Cependant, les processus qui maintiennent cet équilibre ne sont que partiellement compris. Un mécanisme par lequel le cerveau réagit aux changements durables de l’activité neuronale est connu sous le nom de plasticité homéostatique. “Nous avons maintenant montré qu’une protéine appelée RIM1 joue un rôle clé dans ce processus”, déclare Schoch McGovern. RIM1 est regroupé dans la soi-disant “zone active” de la présynapse – la zone où les neurotransmetteurs sont libérés.
Comme toute protéine, RIM1 se compose d’un grand nombre d’acides aminés contigus. Les chercheurs viennent de montrer que certains de ces acides aminés sont liés par une enzyme à un composé chimique, un groupement phosphate. Selon l’acide aminé ainsi modifié, la présynapse peut ensuite libérer plus ou moins de neurotransmetteur. Les groupes phosphate forment la “mémoire” des synapses, pour ainsi dire, avec laquelle ils se souviennent du niveau d’activité actuel. “Dans la présynapse, les vésicules remplies d’émetteurs sont prêtes à être tirées comme les flèches d’un arc tendu”, explique Dietrich. “Dès qu’une impulsion de tension arrive, elles sont libérées à la vitesse de l’éclair. La phosphorylation modifie le nombre de ces vésicules.”
Appels Synapse avec une voix plus forte
Si la présynapse peut « tirer » plus de vésicules en conséquence, son appel à travers la fente synaptique devient plus fort, au sens figuré. Si, en revanche, le nombre de vésicules diminue fortement en raison de changements dans l’état de phosphorylation de RIM1, l’appel est à peine audible. “L’effet qui se produit dépend de l’acide aminé phosphorylé”, explique le Dr Johannes Alexander Müller du groupe de recherche de Schoch McGovern. Il partage la paternité principale de l’étude avec sa collègue, le Dr Julia Betzin.

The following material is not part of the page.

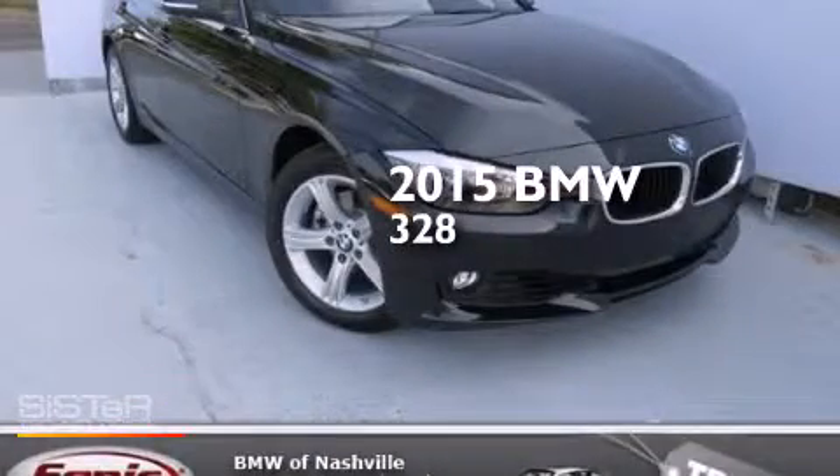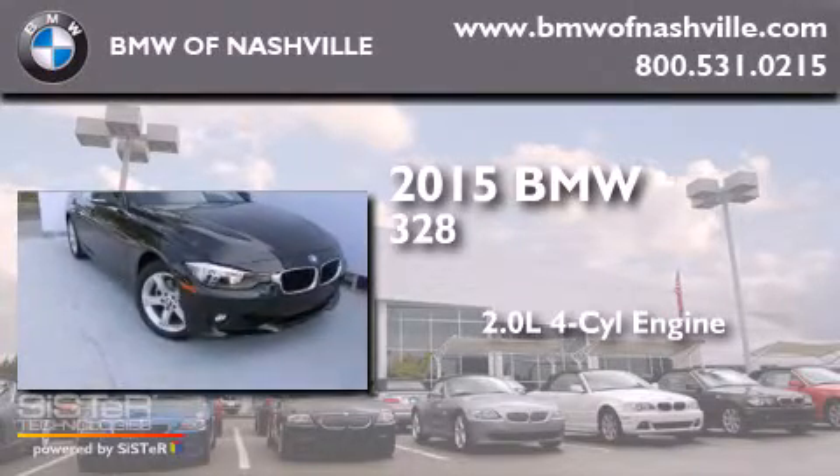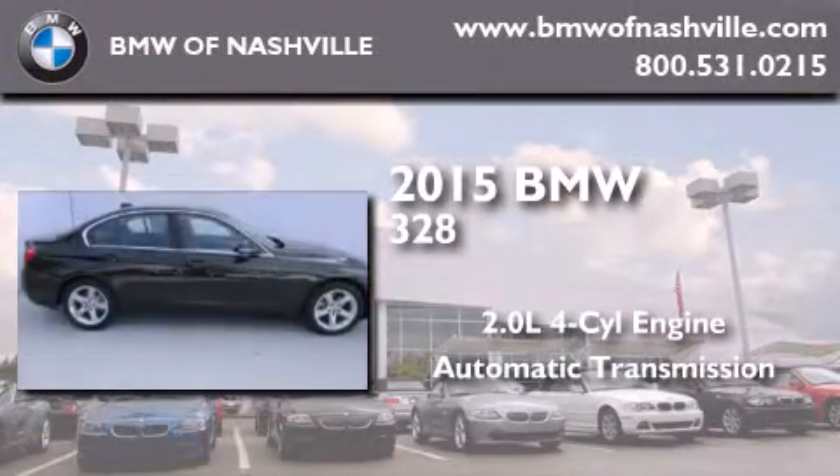This is a brand-new 2015 BMW 328. It features a 2.0-liter four-cylinder engine and an automatic transmission.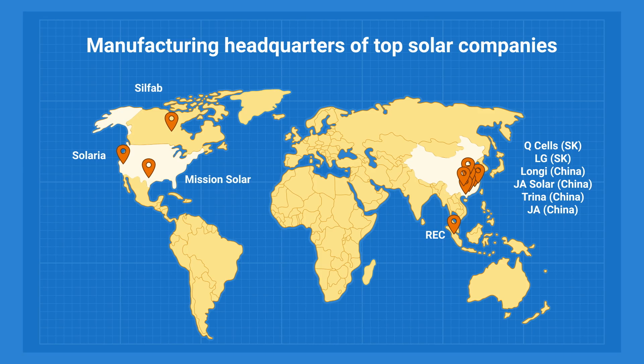On average, solar panels made in the United States are 20% more expensive, and European-made panels are 35% more expensive. That's why many brands have headquarters in Europe or North America but have factories in China.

Cela signifie que le cerveau peut probablement ajuster très précisément l’activité des synapses individuelles via RIM1. Un autre rôle clé est joué par l’enzyme SRPK2 : elle fixe les groupements phosphate aux acides aminés de RIM1. Cependant, il existe également d’autres acteurs, tels que des enzymes qui éliminent à nouveau les groupes phosphate si nécessaire. “Nous supposons qu’il existe tout un réseau d’enzymes qui agissent sur RIM1 et que ces enzymes contrôlent également l’activité de l’autre”, explique Dietrich.
L’équilibre synaptique est extrêmement important; s’il est perturbé, des troubles tels que l’épilepsie, mais peut-être aussi la schizophrénie ou l’autisme peuvent en résulter. Fait intéressant, l’information génétique de RIM1 est souvent altérée chez les personnes atteintes de ces troubles psychiatriques. Cela peut signifier que la protéine RIM1 y est moins efficace. “Nous voulons maintenant élucider davantage ces relations”, déclare Schoch McGovern, qui est également membre du domaine de recherche transdisciplinaire “Vie et santé”. “Peut-être que de nouvelles options thérapeutiques pour ces maladies émergeront de nos découvertes à long terme, bien qu’il y ait certainement un long chemin à parcourir avant que cela ne se produise.”
Institutions participantes et financement
L’étude a été soutenue par la Fondation allemande pour la recherche (DFG), le programme BONFOR de l’hôpital universitaire de Bonn, le Conseil national australien de la santé et de la recherche médicale (NHMRC) et la Fondation pour la recherche sur le cancer et le Cancer Institute New South Wales. Outre l’université et l’hôpital universitaire de Bonn, l’université de Sydney et la société australienne i-Synapse ont participé aux travaux.